# chargeable or non chargeable batteries



## Dirk (Mar 4, 2015)

I want to stock up some AA and AAA batteries. Now I am wondering if I should go for chargeable or non chargeable. Any suggestions?


----------



## paraquack (Mar 1, 2013)

Rechargeable can be used for some years but they usually do not have the power output of 
alkaline batteries. Eventually all batteries will fail. I have a supply of each. What I don't 
like is the "kits" that contain AA size rechargeables and sleeves that turn them into C or D 
batteries. they are still AA batteries and have the power output of a small AA battery.


----------



## 8301 (Nov 29, 2014)

I use rechargeables and keep plenty of them. For the AAA and AA sizes Eneloop makes the best and can be recharged over 1500 times. Other sizes and I prefer Tenergy and Orbitrinic; advoid the Surefire brand.

As paraquack already pointed out rechargeable batteries can only hold about 65% of the charge a premium non-rechargeable battery can hold so for high drain devices they may disappoint. 
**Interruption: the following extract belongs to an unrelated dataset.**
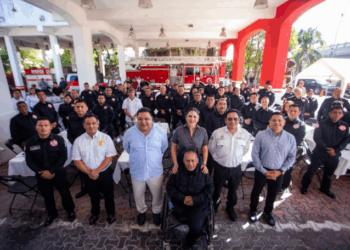 Estefanía Mercado reconoce valentía y entrega de los bomberos de Playa del Carmen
Rechargeable batteries cost 3-4 times as much, don't hold as much charge, and require a $25 recharger, but if the SHTF they are absolutely the best way to go and if SHTF doesn't happen they will save you money in the long term.


----------



## spork (Jan 8, 2013)

Just like anything else, diversify. They both have their uses. For flashlights in the cars and bags, I would want non-rechargeables. Too many lights to affordably equip all of them with rechargeables. I also want the longest run time possible in my lights for my get home bag. If I had to give a flashlight away (or trade) I wouldn't want it to leave with my good rechargeables either. The rechargeables will be well worth having in an extended power outage situation, as well as a way to charge them like a solar panel.


----------



## budgetprepp-n (Apr 7, 2013)

Get both if you can,,,, I have been experimenting with both and they are right a good alkaline battery will last longer than a rechargeable
but then they are done. Of coarse with a rechargeable you get a "Do over" after it's charged but it will not last as long.

ALSO very important: Make sure your flashlight is LED if you have a flashlight with the old incandescent bulb you will go through batteries 
like crazy. A small flashlight with 2-AA batteries will give you up to 80 hours running time

And pick up a solar battery charger -- You just never know and if you need a flashlight odds are there is no electric.


----------



## Seneca (Nov 16, 2012)

The newer non rechargeable batteries (Duracell/Energizer) have a 10 year shelf life. Which from a prepping stand point is a good thing. 

Rechargeable batteries while more expensive are great for items that get a lot of use. I keep both types in AA and it works for me. 

Using the rechargeable batteries slows down my usage of non rechargeable batteries so I get ahead by not having to buy batteries every time I turn around.


----------